Segment 1 [15 minutes]

In our session, the first item on the agenda (this also is a list!) is an outline of the way lists are thought of in 2 contexts:

  1. Bureaucratic processing/management (lists and their relationship to documents, files in offices, and also, everyday lists such as shopping lists).

  2. List as a technological object in networked technological systems ie the list-interface.

The late media theorist Cornelia Vismann is our guide among others, including Umberto Eco and Foucault’s notion of the ‘statement’.

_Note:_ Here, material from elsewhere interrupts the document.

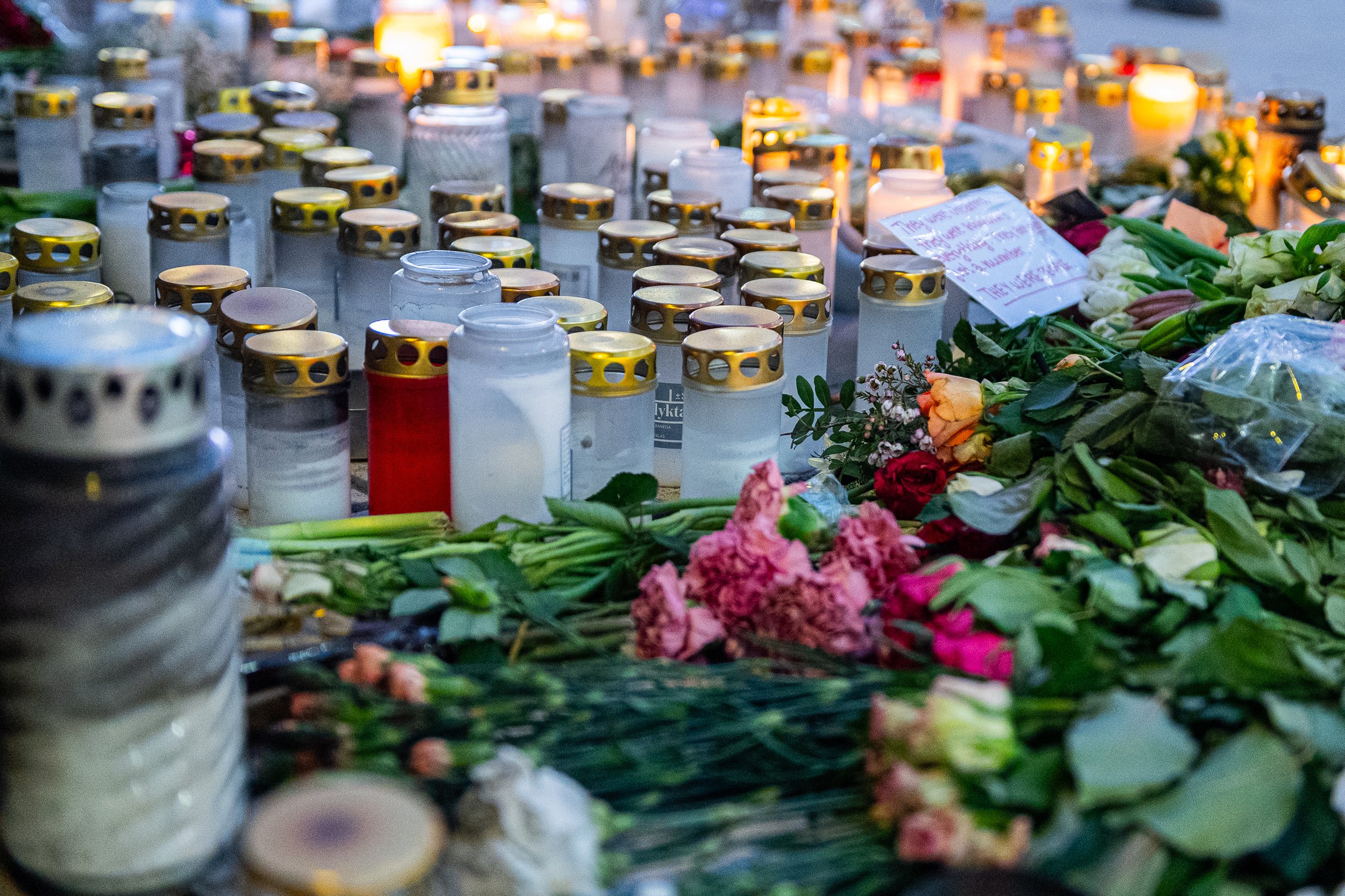 Minnesplats efter våldsdådet i Örebro, Sergels Torg 20250211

Segment 2 [15 minutes x 3 => 45 minutes]

In the second part of our proceedings, we would like to consider 3 problems pertaining to the list:

  1. ‘List’ as a mode of presentation in various user-interfaces, such as the whatsapp screen and its relationship to the subjective experience of time : It's winter and you've opened the Amazon app to buy one winter jacket. You open the app on your phone and begin to search for one, only to realize you've been endlessly scrolling for the last half an hour looking for jackets without buying a single one and if your friend hadn't called you to break you out of that flow, you would have most probably continued to scroll for another half an hour. I could make a similar point about how you keep scrolling through Instagram endlessly without stopping or how you similarly keep scrolling endlessly through Netflix or YouTube videos without touching to watch a single one. A common theme that connects these interfaces is their "no dead end" feature. They are arranged in the form of “lists” keep going on without a stop, structuring the user’s experience of subjective time.

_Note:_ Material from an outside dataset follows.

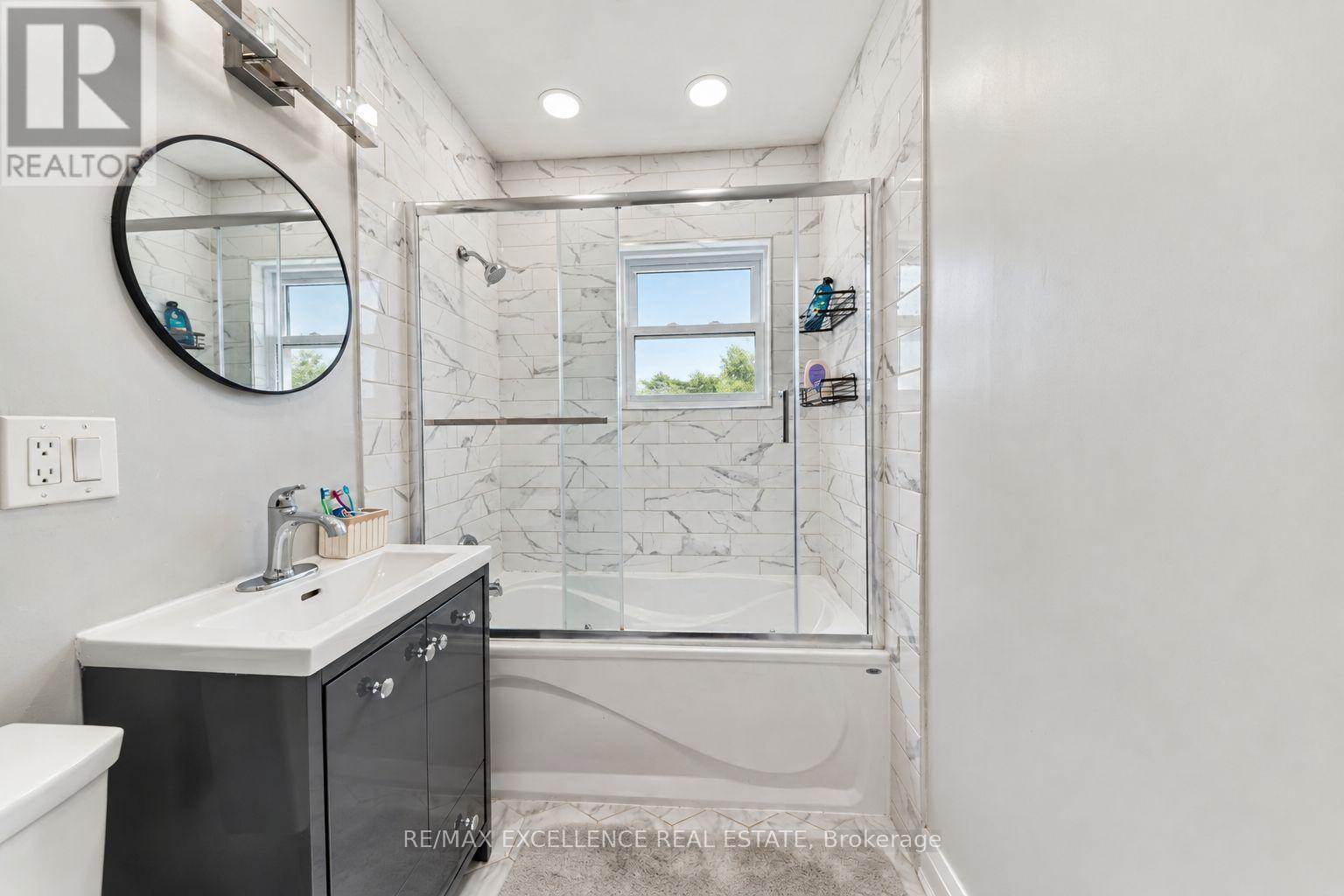 49 Barrhead Crescent, Toronto, ON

  2. The #MeToo movement is, as the proposal call says, a few years old, but it is only with the publishing of this list that it erupts into the terrain of the political, at least within the context of academic institutions. We would like to examine the conditions that make this political emergence possible. As first pass, we will note here that the #LoSHA is a list that refuses to process (Other facebook posts for example, are read, ‘liked’ or commented on and then passed over, ie processed).

  3. Social media platforms - sites of media exchange are organized structurally as lists. There’s a list of posts, responses to ‘posts’ are also lists and even interactive features are available as lists -“Like, Share and Subscribe” at the end of a youtube video for example. On Facebook, audiences would be asked to “Like, Comment and Share” in that order of increasing activity. In the recent past, “Likes” have been expanded further to “reacts” which gives a list of “reacts” (including emotions, example-sad), a list or sequence of sentiments which people use to register their response. Similarly, there are such structures present in the forms of lists across platforms, built into the keyboard to be able to structure our immediate response or sentiment (emoticons, stickers gifs etc). These are attempts to codify emotion or more broadly, affect. The 3rd problematique in our panel will consider the process of structuring affect in online environments through the listing of signs such as the ‘like’, the ‘react’ etc.

Segment 3 [30 minutes]

Following our presentation of these problems and modes of analytically situating ‘lists’ in everyday practices in online spaces, we will open the floor for discussion.

Session Team

Bharath Sivakumar graduated with a B.Sc (Research) degree in mathematics from Shiv Nadar University and currently works for Loonycorn where he's part of the team that creates technical courses. He has eclectic tastes ranging from mathematics to philosophy to Anthropology and feels at home in the hills. He enjoys trekking, loves performing on stage and aspires to be a stand up comedian one day.

Rakshita Siva is a researcher at IIIT Bangalore in the faculty of Digital Society. She graduated with a Mechanical engineering major and a minor in Sociology from Shiv Nadar University. Her interests relate to the digital, questions of self, interiority and the psyche. Rakshita is a singer and enjoys a good jam.

Deepak Prince is a course instructor and Phd candidate in the Department of Sociology, School of Humanities and Social sciences at SNU. His thesis research seeks to grapple with the 'explosion' of smartphones and touchscreens in practices of everyday sociality through the conceptual categories of the screen and the interface. Deepak's key research interest revolves around technics, the history and philosophy of technical objects. He also takes an interest in questions of anthropological disciplinarity, the history of ideas and political anthropology.